Yesterday, I had an unlucky bike accident.
It was raining and I was biking home along the same route I take everyday to get to the train station. Along the way is a narrow road that runs down a steep hill that is unfortunately a two way street. On this road, last evening, there was a small group of kids walking back home from school, and unfortunately, the line they were walking in left no space for me to pass them with my bike.
In addition, my bike unfortunately did not have the best breaking system, and this fact compounded with the slippery road condition and the speed I was traveling at downhill gave me and the kids little reaction time to avoid impact.
The conclusion: I crashed myself into a cement pole on the side of the road, cut, scraped, and bruised myself in a few places, and walked the rest of the way home with a broken bike.
There were two obvious ways of avoiding this situation. One would have been walking the bike down the hill, but as a daily chore, that would also have been the most boring choice (but safety first right?… ugh). The second way would have worked out as follows. Immediately upon seeing the kids, I should have shouted to them to move out of the way in time for me to pass them. I did try to alert them as I was coming down, but it was probably seconds too late, as they only started to turn around in confusion when I was already about 8 meters away from them.
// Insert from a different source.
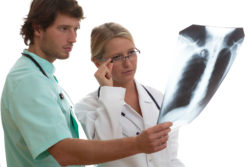 Two doctors look at a chest X-ray.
What I found most interesting when looking back at this incident was my hesitation to communicate, which has been a constant throughout this trip so far. I am certainly more confident and understandable in Japanese now than I was when I came here four weeks ago, but that sense of hesitation has remained. After yesterday’s accident, that fact was made extremely apparent to me, and my goal for the second half of this program, beyond just being able to read, write, understand, and speak more, is to overcome that psychological block that has been hindering my progress this whole time.
Until now, in order to have somewhat fluent conversations here, I have approached every conversation with a plan and sentences ready to spew out the moment I begin talking. This is a costly and ineffective approach to communication for several reasons. It keeps my from being able to think of things to say on my feet, so there go my aspirations to do stand-up comedy in Tokyo. It also makes me a very slow communicator, which can sometime be a little unnerving to people.
In other news, today is my last night in the homestay. Starting tomorrow, I will be staying in an apartment in Tokyo closer to my school. While I am looking forward to the simpler commute, I am still very sad to be leaving this homestay, which I have truly begun to see as my home in Japan. After my accident, my host mother was a godsend, getting me all of the bandages, ice packs, and medicine for a speedy recovery, and insisting that I forget about the condition I am currently leaving their bike in.
I owe a lot to this family, and I am extremely grateful for their patience for these past four weeks, especially with my stuttering, and at times nonsensical Japanese. Arigatou!